*** Provided data ***

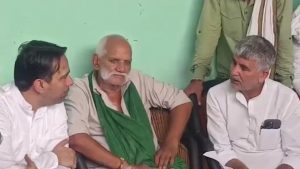 केंद्रीय मंत्री जयंत चौधरी मिले अंकित बालियान के परिजन से, पुलिस जांच पर भरोसा रखने को कहा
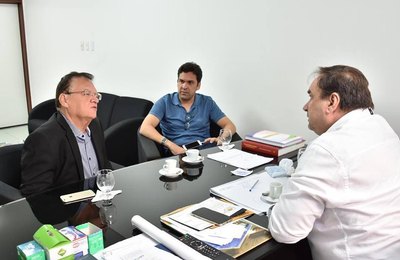Prefeito de Santana se reúne com vice-governador e deputado para tratar do transporte escolar e ginásio de esportes  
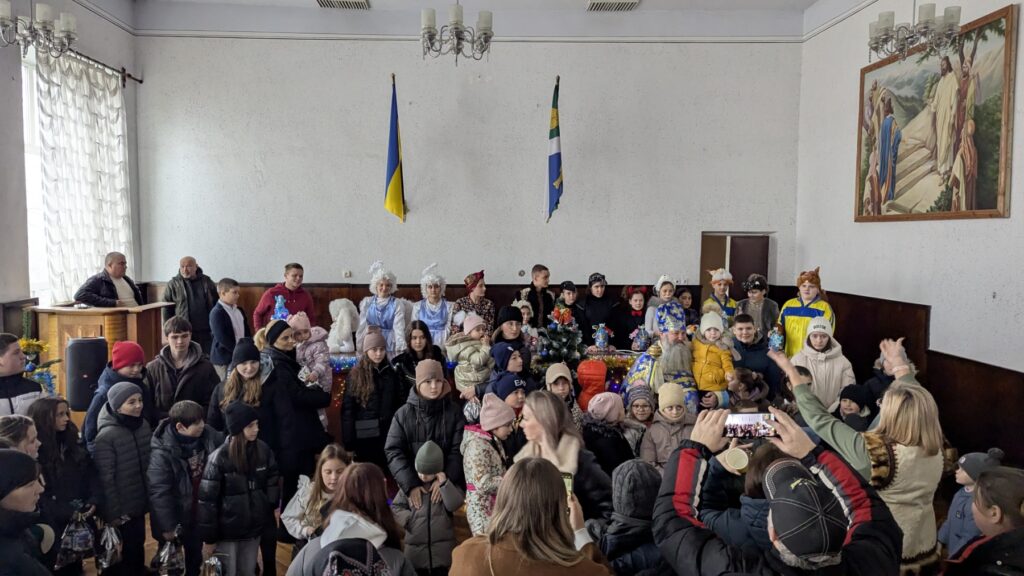 Святий Миколай разом із волонтерами ГО “УНІА” подарували свято для діток наших героїв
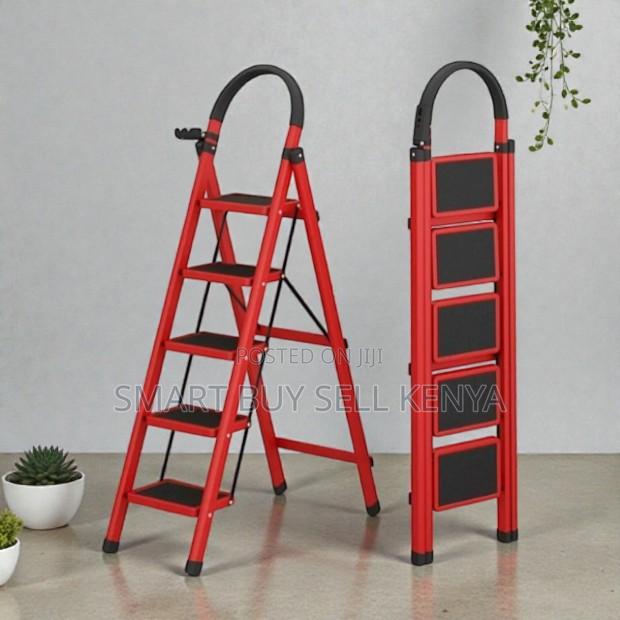 Long Lasting Quality Heavy Duty 5 Step Ladder Stepladder - main view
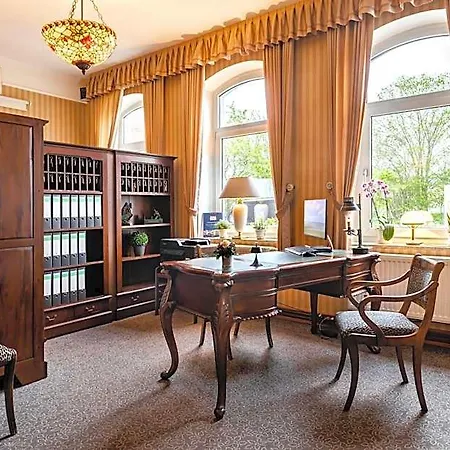 & Restaurant Ulmenhof Hotel 3*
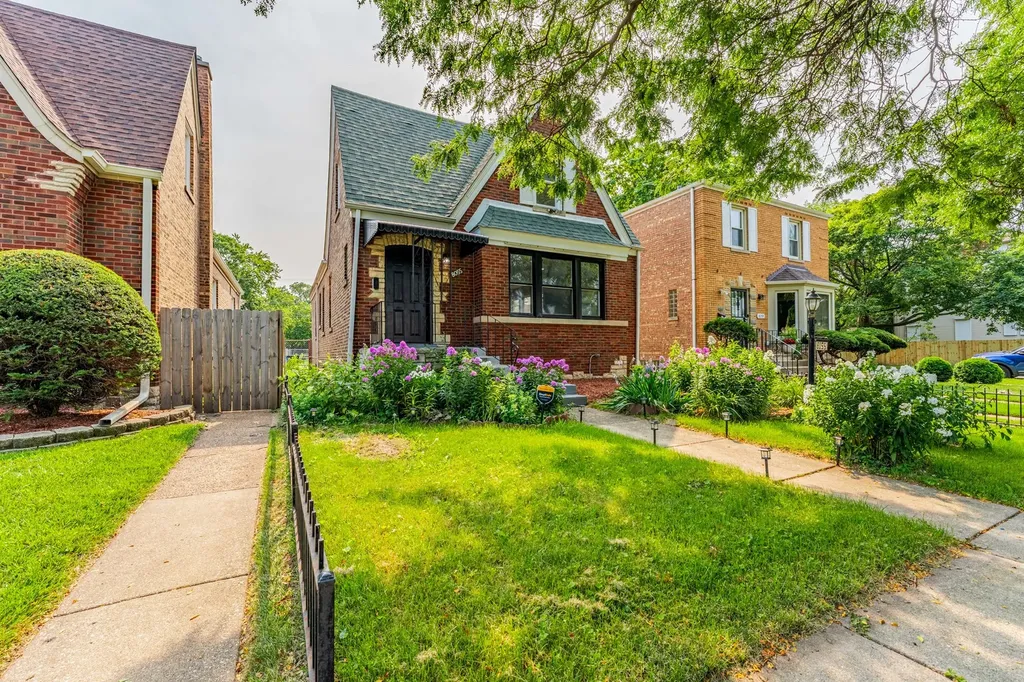8055 South Wabash Avenue Chicago IL 60619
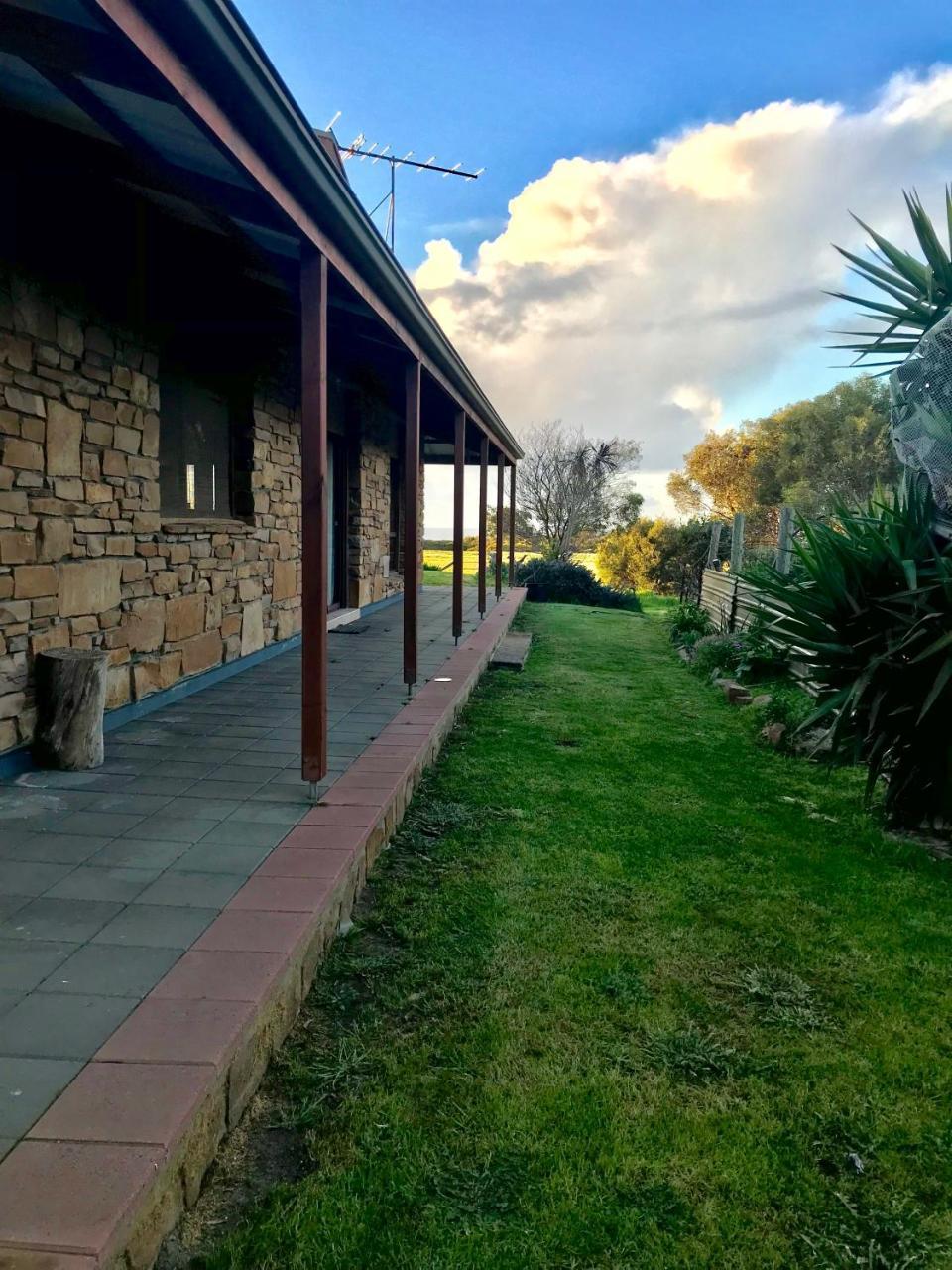 Bee'S Place - 3 Bedroom Home On 10 Acres Of Land With Distant Ocean Views Emu Bay Luaran gambar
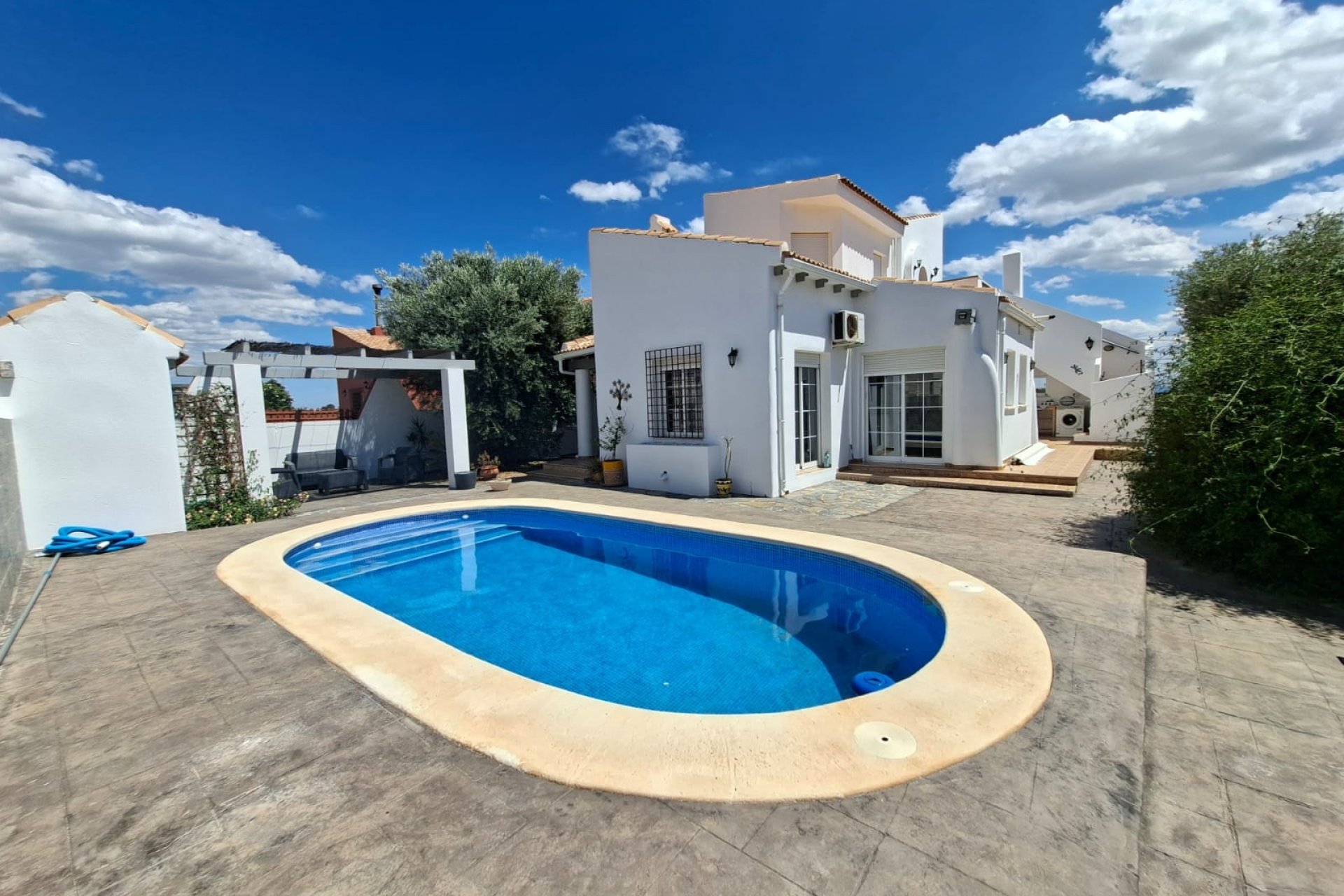 Revente - Villa -
Fortuna - Inland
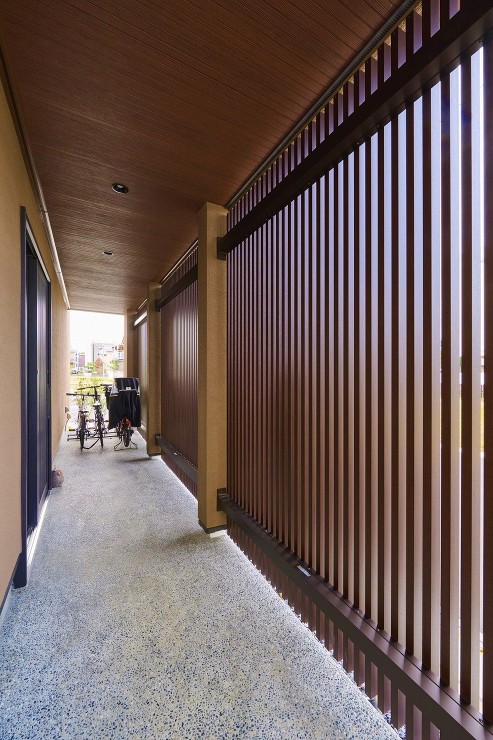 天候を問わず快適に使用できる玄関ポーチの画像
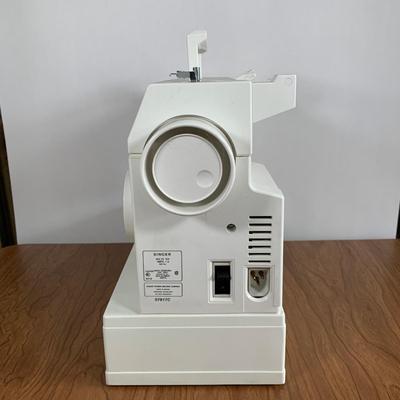 LOT 86 A: Singer Sewing Machine #57817C w/ Foot Pedal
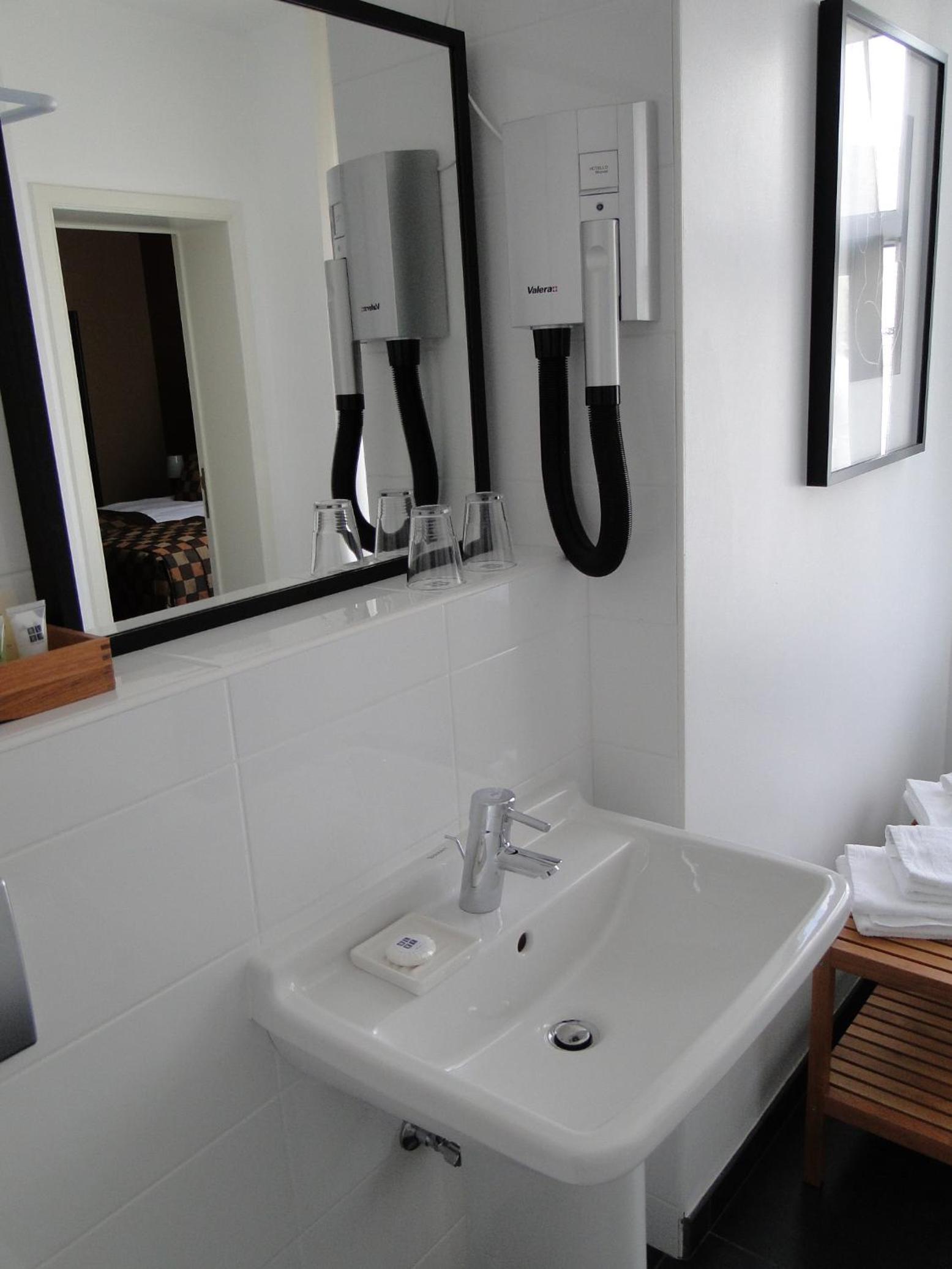 Twin Room - Photo 5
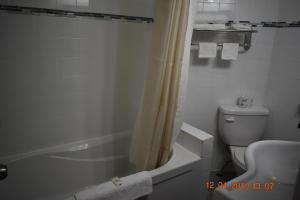 Billede fra billedgalleriet på Time Travellers Motel i Petawawa + 122 billeder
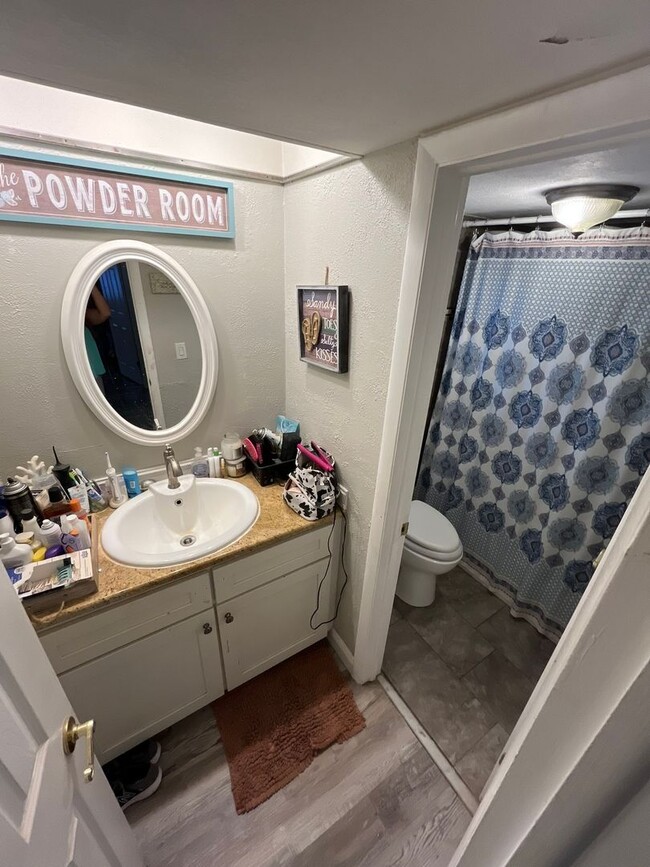 Building Photo - 2/1 UPDATED UNIT in a Triplex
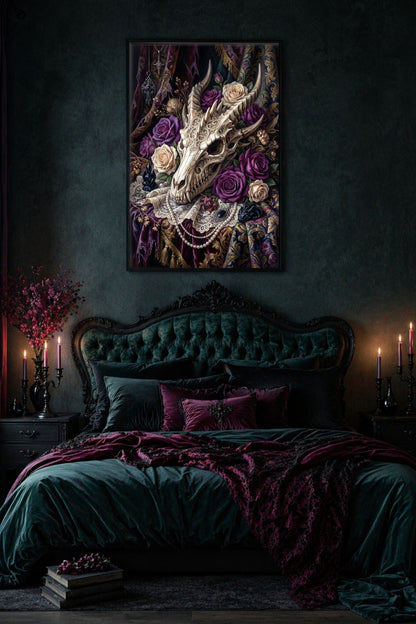 Dark Fantasy Poster mit Drachenschädel und Rosen über einem dunklen Samtbett mit Kerzenlicht.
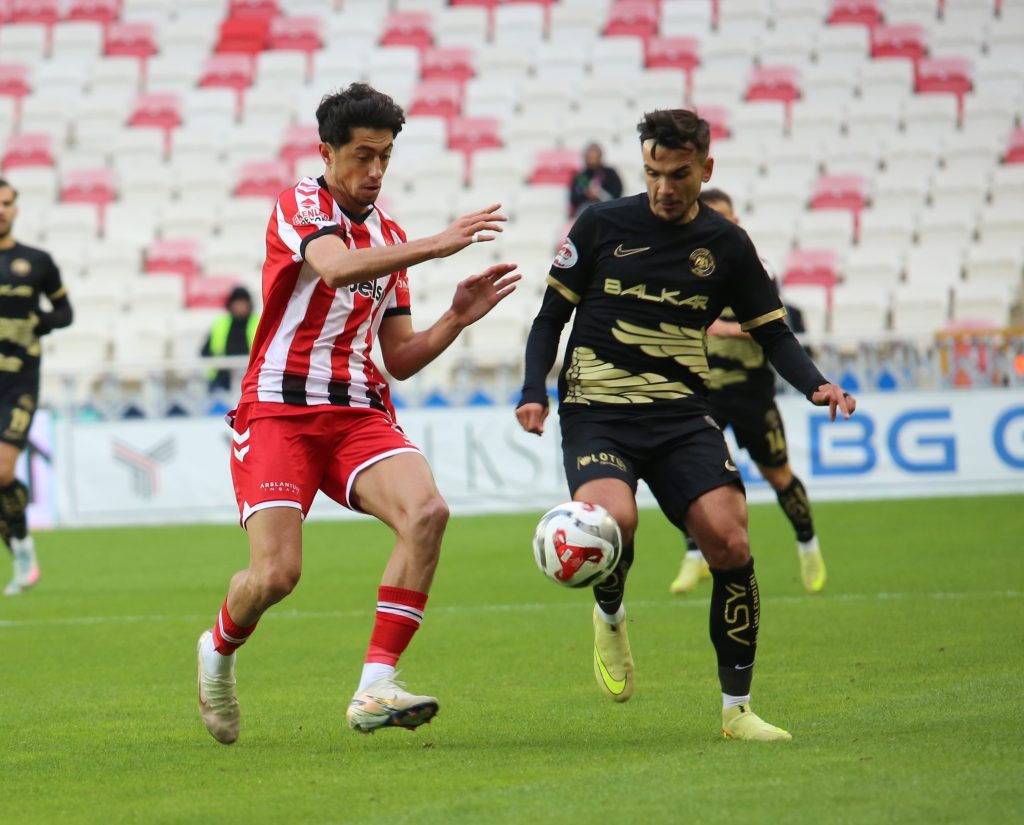 Trendyol 1. Lig Maç Özeti: Özbelsan Sivasspor, Çorum FK Karşısında Puanı Kurtardı AW598767 09 | Gündem Sivas™ Haber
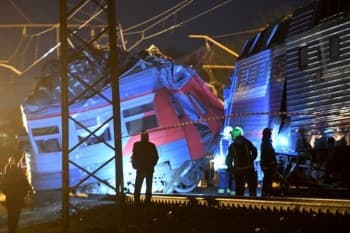 Moskva g‘arbida poezd va elektrichka to‘qnashib ketdi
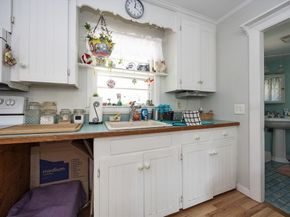 150 Harvard St, Whitman MA 02382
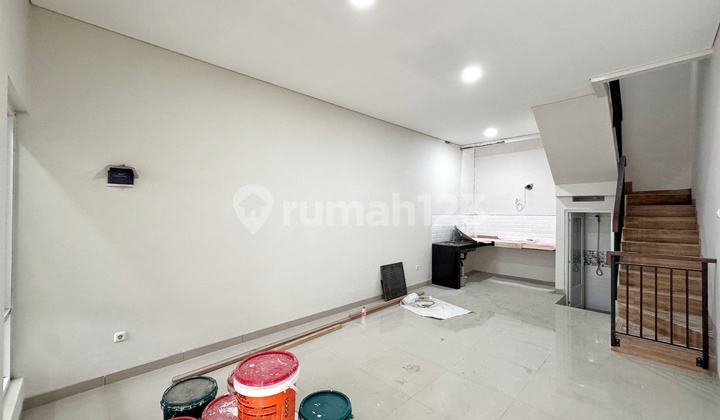 Last Unit! Rumah Baru 4Lantai Siap Huni Dalam Komplek Taman Ratu Jakarta Barat 2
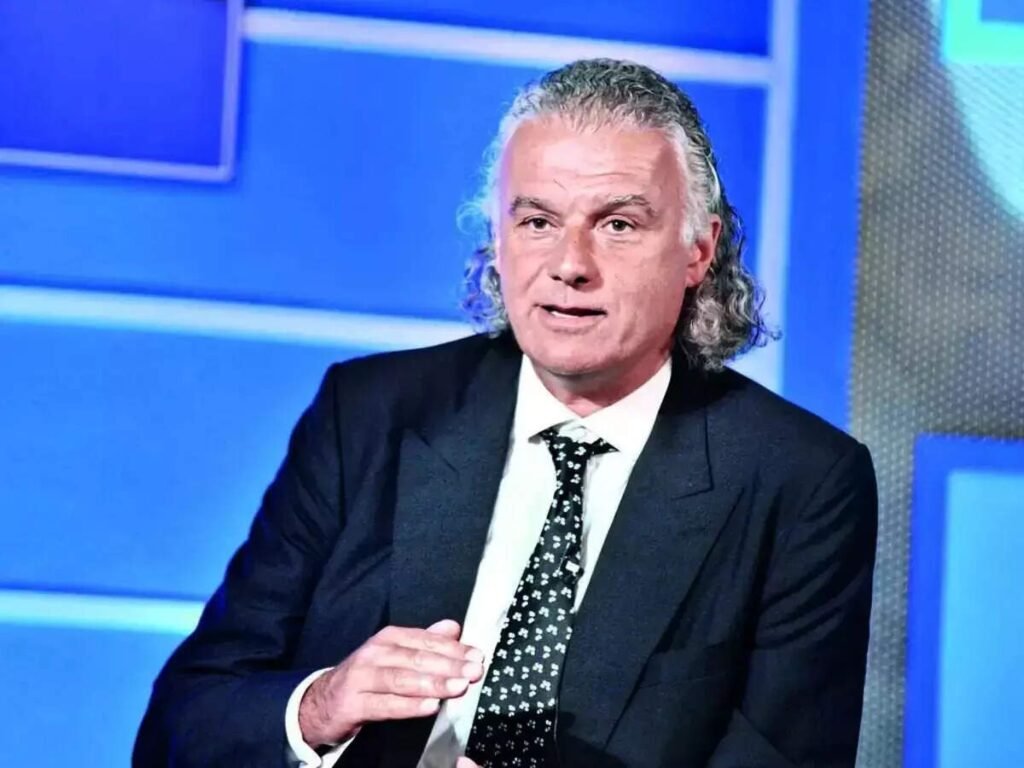 Analysis: Chris Wood on Pakistan’s IMF Cycles vs. India’s Structural Growth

*** End of Provided data ***

For this exercise, the lines from the one containing "Long Lasting Quality" through the last line of the entries above are to be output exactly, both included, and pictures are skipped.

 Long Lasting Quality Heavy Duty 5 Step Ladder Stepladder - main view
 & Restaurant Ulmenhof Hotel 3*
8055 South Wabash Avenue Chicago IL 60619
 Bee'S Place - 3 Bedroom Home On 10 Acres Of Land With Distant Ocean Views Emu Bay Luaran gambar
 Revente - Villa -
Fortuna - Inland
 天候を問わず快適に使用できる玄関ポーチの画像
 LOT 86 A: Singer Sewing Machine #57817C w/ Foot Pedal
 Twin Room - Photo 5
 Billede fra billedgalleriet på Time Travellers Motel i Petawawa + 122 billeder
 Building Photo - 2/1 UPDATED UNIT in a Triplex
 Dark Fantasy Poster mit Drachenschädel und Rosen über einem dunklen Samtbett mit Kerzenlicht.
 Trendyol 1. Lig Maç Özeti: Özbelsan Sivasspor, Çorum FK Karşısında Puanı Kurtardı AW598767 09 | Gündem Sivas™ Haber
 Moskva g‘arbida poezd va elektrichka to‘qnashib ketdi
 150 Harvard St, Whitman MA 02382
 Last Unit! Rumah Baru 4Lantai Siap Huni Dalam Komplek Taman Ratu Jakarta Barat 2
 Analysis: Chris Wood on Pakistan’s IMF Cycles vs. India’s Structural Growth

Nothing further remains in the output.